Furthermore, farm subsidies in part led to consolidation of farms, meaning these subsidies were paid to a shrinking handful of businesses, resulting in more farmland owned by fewer companies with increasingly specialized interests. 

Commence The Vicious Cycle

Those companies accumulated more money to spend on lobbying the US government for more subsidies, meaning more funding, more power, more control.

Once upon a time, food was grown locally by a member of the community. Someone who was in touch with the land, and with the people who consumed their crops. Someone with an interest in feeding people.

But now, those community members aren’t the ones making decisions about what and when to plant.  It’s a bunch of suits around a conference table. Big food brands make decisions based purely on the bottom line, not on sun, soil, and seasons. To the suits, “nutrition” is a marketing term. Once a food company goes public, its focus is on growing its market share and making money for shareholders. Producing the best, healthiest, most nutritious food possible is a secondary objective.

That’s where you get high fructose corn syrup. Process the stuff a bit more (to punch up the fructose) and it’s even sweeter per volume—meaning cheaper as an ingredient, but uses more corn. Add a touch to your low-fat salad dressing and voila! Tastes good, sells even better. What a great way to reap more profits from taxpayer-funded corn subsidies while at the same time creating an artificial demand.

The Bigger The Brand, The Less You Matter

Think about it: it’s a simple numbers game. 

A business that serves 1,000 loyal customers has a lot more available energy to satisfy your individual human needs. The conglomerate with a hundred million consumers all across the country must focus on things like supply-chain optimization, lobbying, and litigation.

That means preservatives, chemical adjustments, genetic engineering, etc., just to make sure the same apple is the same red in every big-box grocery store in America. Food industry giants don’t sell food—they sell branded packaging filled with food-like material.

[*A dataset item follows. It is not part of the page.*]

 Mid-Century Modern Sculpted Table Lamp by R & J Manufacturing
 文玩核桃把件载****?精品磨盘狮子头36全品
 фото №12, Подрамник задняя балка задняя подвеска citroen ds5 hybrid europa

And we the people bear all the costs.

Only in the last few years has Congress moved to adjust the policy and stem the flow of direct subsidies to commodity farmers and offer more assistance to encourage smaller spreads, crop diversification, and eco-friendly farming methods. But there’s a long way to go.

Join The Local Resistance

So what can you do about the corporate takeover of American diet?

For starters, know where your food is coming from. Buy local as much as you can, from farmers, butchers, bakers, and so forth. Find out where your local restaurants get their meat and produce, and see if those farms sell to individuals.

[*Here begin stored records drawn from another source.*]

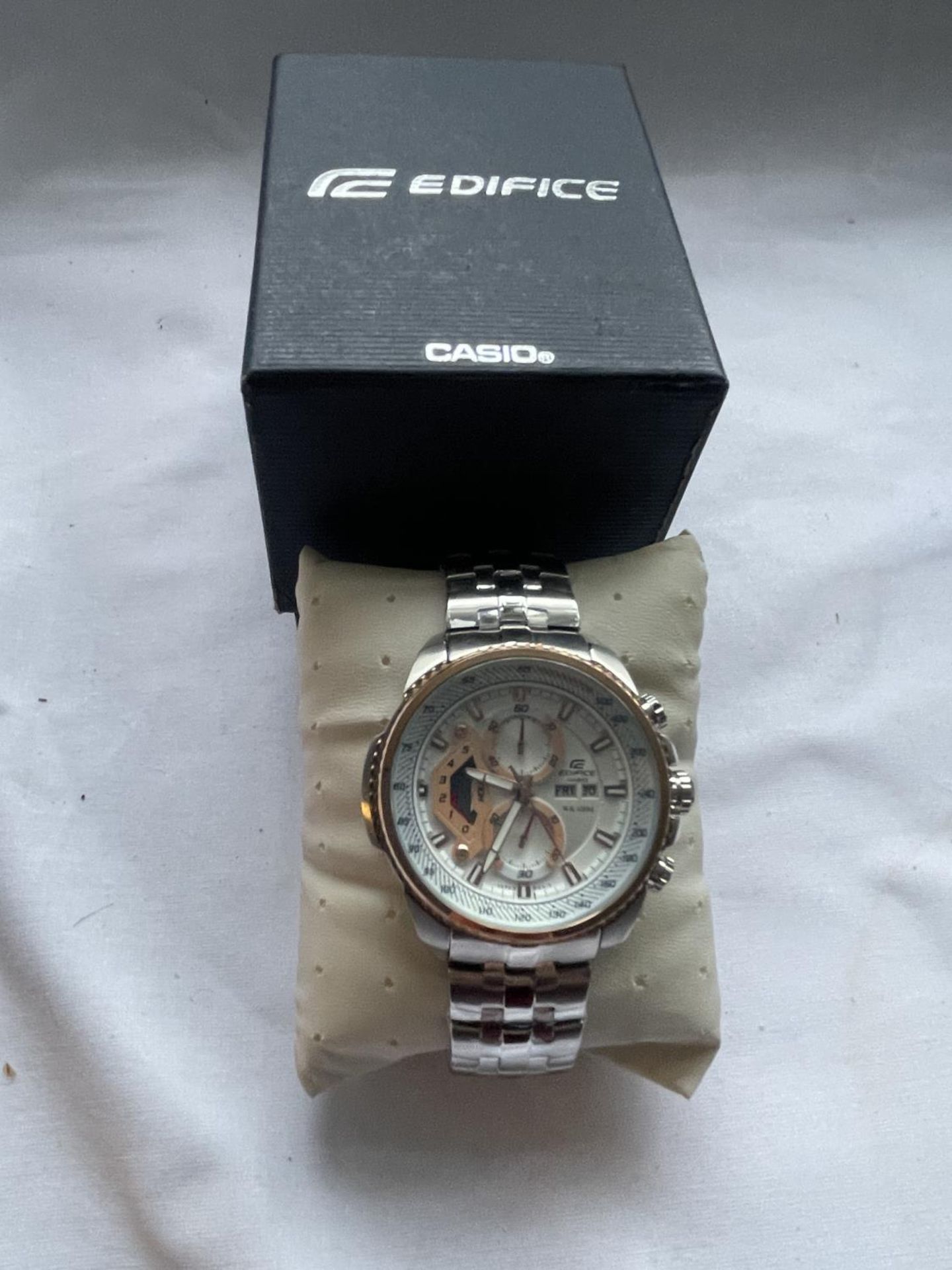 AN AS NEW AND BOXED CASIO EDIFICE WRIST WATCH SEEN WORKING BUT NO WARRANTY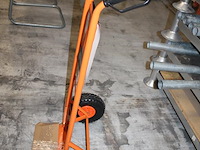 Steekwagen op luchtbanden banden black & decker. - afbeelding 2 van  2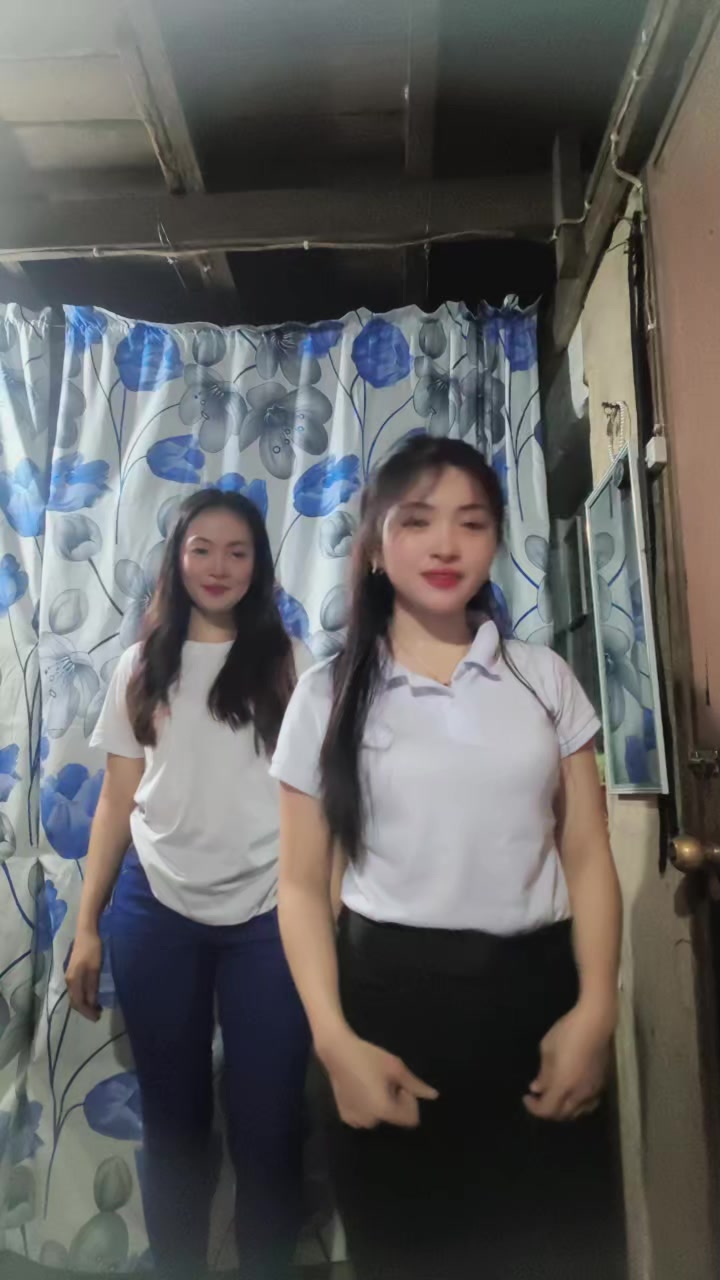 @lourilyn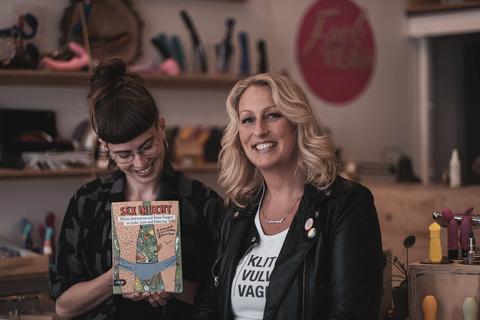 Nadine Beck (r.) und ihre Kollegin Rosa Schilling freuen sich über den Erfolg ihres Buchs "Sex in echt".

Reject the idea of silver-bullet diets or fad nutrition. Eat things that grew, minimally processed.

Go to farmers’ markets and find the folks with dirt under their fingernails. Talk to them. Get their stories. Learn about terroir and why an ugly squash might actually taste better than a photogenic one. Join a CSA and subscription-support a local farm in exchange for monthly boxes of gorgeous heirloom produce.

And most importantly, stop thinking of fat as the bad guy!

It’s not.

If you forget everything else, remember this: There are three basic types of calories: Fats, carbohydrates, and proteins. Each has a different role in sustaining life. As a baseline, healthy fats (i.e. not trans fats or hydrogenated fats) should make up 1/3 of your daily calorie intake.

Let fat back into your life. It’s full of flavor, keeps you satisfied longer, and is a necessary part of balanced nutrition. Don’t let the big food brands dictate your menu. You’re a person, not a line item.